## Work item
Please keep the images out and set down the data exactly as given.
[[ Data excerpt, beginning ]]
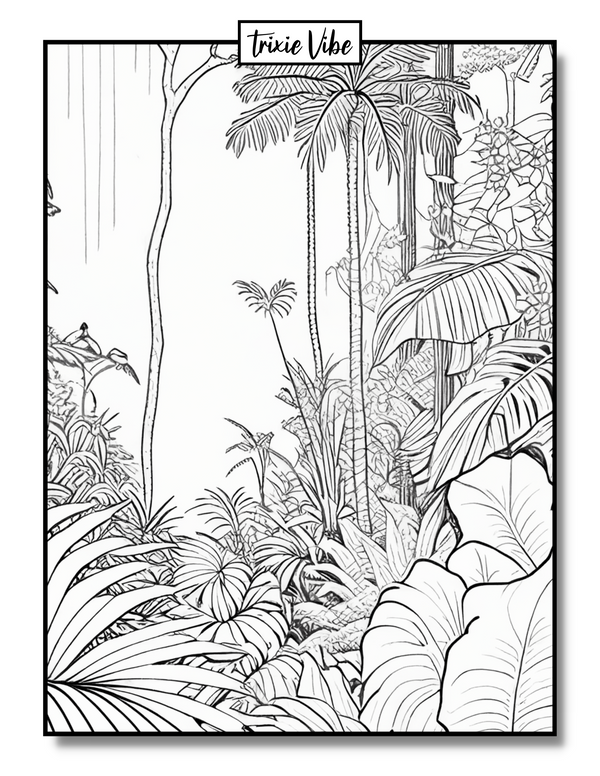 Jungle Coloring Pages for Adults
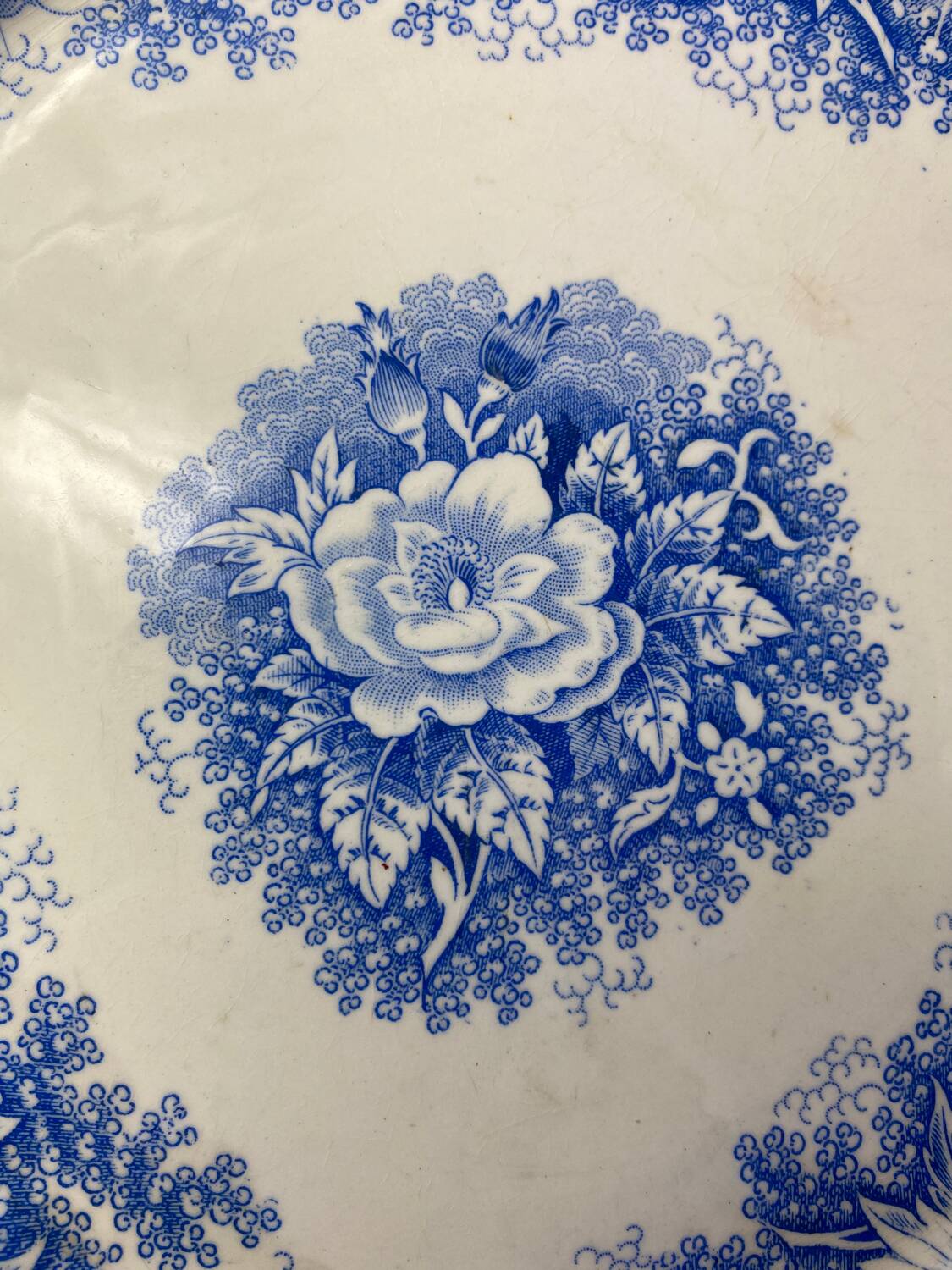 Old Sarreguemines earthenware dish
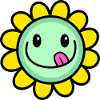 Funny Cartoon Daisy Flower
[[ Data excerpt, end ]]
## Result of the exercise
 Jungle Coloring Pages for Adults
 Old Sarreguemines earthenware dish
 Funny Cartoon Daisy Flower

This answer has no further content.